The results of this preliminary work only partially supported our hypotheses. The r2-values (Table III) indicate that despite including many variables, relatively little variance was accounted for within our comprehensive models. This is surprising and further study is required to determine the reason for the larger proportion of observed variance especially given the magnitude of sleep disturbance experienced by the children. For example, our sample experienced on average 11–17 awakenings per night. In contrast, a study of healthy 2nd, 4th, and 6th grade children revealed only one or two awakenings per night, as assessed by actigraph recordings (Sadeh et al., 2000). Boys in our sample showed more disturbed sleep than girls did both before and during administration of dexamethasone; however, girls did not have more total nocturnal sleep time as expected. Observed differences in WASO were particularly sensitive to dexamethasone administration and revealed a differential response for girls and boys.
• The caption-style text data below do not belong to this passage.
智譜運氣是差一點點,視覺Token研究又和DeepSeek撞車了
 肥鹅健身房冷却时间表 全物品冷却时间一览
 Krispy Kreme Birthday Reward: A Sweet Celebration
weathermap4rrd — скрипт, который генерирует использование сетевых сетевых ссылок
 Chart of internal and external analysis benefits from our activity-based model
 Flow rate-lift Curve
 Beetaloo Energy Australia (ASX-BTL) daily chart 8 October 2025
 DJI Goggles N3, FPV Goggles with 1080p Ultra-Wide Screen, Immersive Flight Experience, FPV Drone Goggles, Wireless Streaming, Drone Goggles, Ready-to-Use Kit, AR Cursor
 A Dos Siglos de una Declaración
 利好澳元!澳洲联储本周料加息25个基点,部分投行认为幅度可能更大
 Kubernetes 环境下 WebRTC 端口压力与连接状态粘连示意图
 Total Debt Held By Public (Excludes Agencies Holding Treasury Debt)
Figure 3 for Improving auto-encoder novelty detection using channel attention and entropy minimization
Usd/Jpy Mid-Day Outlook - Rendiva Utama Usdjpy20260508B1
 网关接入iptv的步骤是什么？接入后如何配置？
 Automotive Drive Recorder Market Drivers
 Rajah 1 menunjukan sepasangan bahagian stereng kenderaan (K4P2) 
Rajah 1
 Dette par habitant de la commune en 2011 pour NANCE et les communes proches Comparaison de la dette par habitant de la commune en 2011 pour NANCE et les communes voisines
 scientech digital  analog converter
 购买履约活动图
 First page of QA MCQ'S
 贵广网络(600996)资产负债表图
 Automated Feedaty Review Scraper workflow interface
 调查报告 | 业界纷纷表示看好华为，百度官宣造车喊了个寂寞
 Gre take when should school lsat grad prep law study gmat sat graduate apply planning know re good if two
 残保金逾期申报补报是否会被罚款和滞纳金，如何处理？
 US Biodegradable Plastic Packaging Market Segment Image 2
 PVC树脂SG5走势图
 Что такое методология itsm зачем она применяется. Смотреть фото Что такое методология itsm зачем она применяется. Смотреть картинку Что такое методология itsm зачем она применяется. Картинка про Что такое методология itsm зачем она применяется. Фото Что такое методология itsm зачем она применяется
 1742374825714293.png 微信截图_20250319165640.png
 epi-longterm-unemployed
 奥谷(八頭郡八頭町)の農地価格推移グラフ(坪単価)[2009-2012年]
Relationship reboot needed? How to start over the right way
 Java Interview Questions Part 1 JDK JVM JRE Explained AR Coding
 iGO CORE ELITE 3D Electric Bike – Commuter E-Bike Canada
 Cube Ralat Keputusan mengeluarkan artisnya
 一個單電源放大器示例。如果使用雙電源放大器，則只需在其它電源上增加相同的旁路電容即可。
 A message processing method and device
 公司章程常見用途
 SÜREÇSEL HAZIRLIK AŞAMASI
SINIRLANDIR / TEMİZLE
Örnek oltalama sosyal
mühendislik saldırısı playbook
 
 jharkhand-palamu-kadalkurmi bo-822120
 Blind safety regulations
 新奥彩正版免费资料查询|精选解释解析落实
Despite having less disturbed nocturnal sleep, objectively girls demonstrated greater daytime napping in the total sample. This result suggests that gender differences may exist in the fatigue experience. Contrary to this finding, gender differences were not found in subjective fatigue. Gender differences in subjective fatigue may not exist in our sample because of the significant differences found in sleep disruption and daytime compensatory behavior (e.g., napping). Gender differences observed in other populations might be suppressed in our sample by the more disturbed nocturnal sleep in boys and higher rate or duration of napping in girls. In contrast, this null finding may have been due to limitations of our fatigue instrumentation. Analyses had to be conducted separately for the three instruments (child, adolescent, and parent), thus resulting in small sample sizes for fatigue analyses (e.g., only 13 participants in adolescent analysis). Consequently, statistical power may have been insufficient. Often, much larger sample sizes are required to detect individual differences such as gender differences. Another limitation is that there is currently no well-established cut score for these instruments; therefore, it is unclear what score is indicative of clinically significant fatigue.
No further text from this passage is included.